De nouveau, c’est donc parti pour la valorisation du savoir-faire des écrivains du pays, voire ceux venus du monde entier. La rentrée littéraire qui est un espace d’encouragement et de promotion des livres et de la lecture restera en cours au Mali jusqu’au samedi, 20 mars 2021 à Bamako, comme dans d’autres régions. Pour cette année, le thème retenu est : « Héritages en partage ». C’était sous la houlette de la ministre de la Culture, de l’Artisan et du Tourisme, Kadiatou Konaré que les travaux ont démarré.

Ainsi, pour la ministre Kadiatou Konaré, cette rentrée littéraire est un tremplin. « Nous souhaitons davantage accompagner cette rentrée pour assurer sa pérennité et sa survie afin que ça puisse aller au-delà des frontières du Mali. Parce que c’est une rentrée qui convoque toutes les nationalités du monde et tous les francophones. C’est donc une fenêtre ouverte pour le monde », a-t-elle énoncé.

Appelé à se prononcer, Ibrahim Aya, non moins directeur national de la rentrée littéraire du Mali a placé l’évènement sous le signe « de la résilience et de l’adaptation ».

Différente des éditions précédentes, cette situation se passe, a rappelé Ibrahim Aya, dans un contexte difficile. En ce sens que le Mali traverse une crise sanitaire et autre crise. Après avoir donc rappelé une série de programmes prévus pour la circonstance : des tables rondes ; spectacles ; ateliers…, le directeur de la rentrée littéraire a précisé que l’évènement s’achèvera par la remise des prix littéraires. Aussi présent sur le lieu, l’Ambassadeur de la France au Mali, Joël Meyer s’est félicité pour la tenue de l’évènement, en dépit des vicissitudes et des défis auxquels le pays fait face. Cette rentrée littéraire est une contribution nécessaire dans l’avenir radieux du Mali, dans quelques années, a-t-il espéré. Pour le diplomate, la rentrée littéraire témoigne toujours de l’extraordinaire vigueur des auteurs et artistiques et de coopérations internationales autour de la langue française et de l’écriture. Un patrimoine commun que chacun réinvente chaque jour pour témoigner des valeurs qui unissent tous, lit-on dans le discours d’ouverture de l’Ambassadeur.

La rentrée littéraire invite, selon cet intervenant, à une rencontre, aussi bien en termes de voyages des idées, nomadismes des imaginaires que discussions. Dans le thème « héritages en partage », il y a le mot partage. « Je tiens à remercier particulièrement les organisateurs de cette édition pour construire une chaine de partage de solidarité avec l’ensemble des Maliens », a-t-il enchainé. Puis d’ajouter que la présente rencontre renforce la construction d’un monde de partage des héritages et de connaissances.
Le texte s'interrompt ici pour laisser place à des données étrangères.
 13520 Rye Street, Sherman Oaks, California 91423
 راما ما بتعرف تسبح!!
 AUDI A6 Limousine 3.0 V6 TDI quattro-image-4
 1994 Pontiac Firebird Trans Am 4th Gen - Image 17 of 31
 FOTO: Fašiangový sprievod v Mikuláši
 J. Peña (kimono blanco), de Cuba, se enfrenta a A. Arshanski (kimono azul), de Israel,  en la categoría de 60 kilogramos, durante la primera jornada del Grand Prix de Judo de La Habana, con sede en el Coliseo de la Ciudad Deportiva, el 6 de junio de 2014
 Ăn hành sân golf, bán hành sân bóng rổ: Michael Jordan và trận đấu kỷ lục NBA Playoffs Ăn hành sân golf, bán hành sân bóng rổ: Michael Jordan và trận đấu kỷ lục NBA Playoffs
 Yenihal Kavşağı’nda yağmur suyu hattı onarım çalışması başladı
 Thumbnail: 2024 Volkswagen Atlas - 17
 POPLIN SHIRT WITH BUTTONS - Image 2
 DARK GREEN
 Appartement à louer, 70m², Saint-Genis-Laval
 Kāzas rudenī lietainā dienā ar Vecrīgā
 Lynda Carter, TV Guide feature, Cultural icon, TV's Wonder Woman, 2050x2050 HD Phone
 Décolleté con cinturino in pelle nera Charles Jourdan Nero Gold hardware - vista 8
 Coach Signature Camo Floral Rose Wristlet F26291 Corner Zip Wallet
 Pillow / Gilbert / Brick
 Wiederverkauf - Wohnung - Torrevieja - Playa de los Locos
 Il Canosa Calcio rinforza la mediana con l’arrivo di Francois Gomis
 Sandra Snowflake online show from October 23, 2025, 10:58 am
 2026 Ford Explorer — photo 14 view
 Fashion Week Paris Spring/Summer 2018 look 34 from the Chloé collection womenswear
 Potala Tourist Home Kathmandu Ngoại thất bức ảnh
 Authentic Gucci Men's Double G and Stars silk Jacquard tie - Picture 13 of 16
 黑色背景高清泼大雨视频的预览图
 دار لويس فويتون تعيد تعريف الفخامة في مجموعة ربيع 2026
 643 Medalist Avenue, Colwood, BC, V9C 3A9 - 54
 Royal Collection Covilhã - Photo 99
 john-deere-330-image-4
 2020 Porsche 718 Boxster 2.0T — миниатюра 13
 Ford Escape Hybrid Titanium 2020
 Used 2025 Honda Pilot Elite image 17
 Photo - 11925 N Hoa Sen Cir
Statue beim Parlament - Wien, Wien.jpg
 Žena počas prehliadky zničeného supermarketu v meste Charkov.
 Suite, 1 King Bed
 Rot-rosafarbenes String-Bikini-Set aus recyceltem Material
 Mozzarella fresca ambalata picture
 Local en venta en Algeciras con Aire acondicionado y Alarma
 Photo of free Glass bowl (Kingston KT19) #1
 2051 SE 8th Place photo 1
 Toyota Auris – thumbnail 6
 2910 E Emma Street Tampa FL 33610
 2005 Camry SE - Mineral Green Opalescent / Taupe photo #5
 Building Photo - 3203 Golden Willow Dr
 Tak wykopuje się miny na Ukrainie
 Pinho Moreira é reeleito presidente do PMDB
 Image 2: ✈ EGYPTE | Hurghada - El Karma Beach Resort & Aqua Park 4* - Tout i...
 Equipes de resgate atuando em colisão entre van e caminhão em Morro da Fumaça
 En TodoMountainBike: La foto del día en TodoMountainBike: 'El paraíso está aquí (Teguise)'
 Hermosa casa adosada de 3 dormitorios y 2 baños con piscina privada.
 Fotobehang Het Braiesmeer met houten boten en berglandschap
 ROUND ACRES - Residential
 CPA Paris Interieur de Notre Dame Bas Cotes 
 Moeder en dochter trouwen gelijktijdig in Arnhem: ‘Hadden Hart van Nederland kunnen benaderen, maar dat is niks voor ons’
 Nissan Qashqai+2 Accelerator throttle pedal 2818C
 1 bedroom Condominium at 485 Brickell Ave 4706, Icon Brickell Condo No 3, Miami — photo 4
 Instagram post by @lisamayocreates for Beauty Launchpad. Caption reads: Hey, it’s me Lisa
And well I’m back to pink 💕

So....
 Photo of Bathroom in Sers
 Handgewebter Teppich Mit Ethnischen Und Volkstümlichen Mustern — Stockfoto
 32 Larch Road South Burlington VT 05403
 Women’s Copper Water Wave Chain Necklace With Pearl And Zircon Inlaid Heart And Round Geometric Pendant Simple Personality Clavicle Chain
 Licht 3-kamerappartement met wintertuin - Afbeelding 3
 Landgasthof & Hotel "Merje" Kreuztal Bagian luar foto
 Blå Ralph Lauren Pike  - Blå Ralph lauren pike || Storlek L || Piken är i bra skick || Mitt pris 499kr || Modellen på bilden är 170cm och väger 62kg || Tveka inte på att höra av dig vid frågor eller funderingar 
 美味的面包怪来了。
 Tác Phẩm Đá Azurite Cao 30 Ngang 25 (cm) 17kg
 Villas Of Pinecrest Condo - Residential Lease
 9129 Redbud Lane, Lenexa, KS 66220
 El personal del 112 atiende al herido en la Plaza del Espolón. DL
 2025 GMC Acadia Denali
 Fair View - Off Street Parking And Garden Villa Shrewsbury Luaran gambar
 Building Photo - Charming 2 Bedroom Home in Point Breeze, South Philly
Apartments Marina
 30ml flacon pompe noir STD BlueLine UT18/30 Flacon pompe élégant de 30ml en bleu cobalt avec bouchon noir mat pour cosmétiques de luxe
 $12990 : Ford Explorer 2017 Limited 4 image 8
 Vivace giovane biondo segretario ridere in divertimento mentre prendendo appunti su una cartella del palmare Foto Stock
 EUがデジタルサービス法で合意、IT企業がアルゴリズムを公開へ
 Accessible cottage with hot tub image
Il (cet évènement) est un lieu d’échanges professionnels de la chaine de fabrication et de diffusion des livres émaillé des débats ; des cafés littéraires ; des spectacles…, avec les auteurs auprès des publics, a exprimé Joël Meyer, sûr que c’est un exercice de la liberté qui se forge dans la résistance et la lutte contre l’obscurantisme. Depuis plusieurs années, l’Union européenne soutient la rentrée littéraire, a témoigné le représentant de l’UE qui se félicitait de la démocratisation de cette édition via sa tenue dans d’autres régions du Mali. « C’est donc un appui à la jeunesse et à la création des idées qui demeure essentiel. Le Mali est vu en Europe comme un pays d’une grande culture », a-t-il avoué au public. Poursuivant dans son intervention, il dira que la sauvegarde du patrimoine malien tient l’Union européenne à cœur, dans ce contexte de crise. Pour ainsi tenir en haleine le public sur le thème « héritages en partage », le conférencier Makenzy Orcel a consacré une trentaine de minutes à rappeler  certains passages de quelques éminents écrivains africains. Pour sa part, Birama Diakon, directeur national des bibliothèques et de la documentation précise que cette édition servira de cadre pour refaire le bilan de 2010 à nos jours. En plus, des analyses seront faites pour connaitre les  limites et les défis à relever dans la rentrée littérairement enfin, dit-il, nous allons proposer un plan par rapport à l’institutionnalisation de la rentrée littéraire.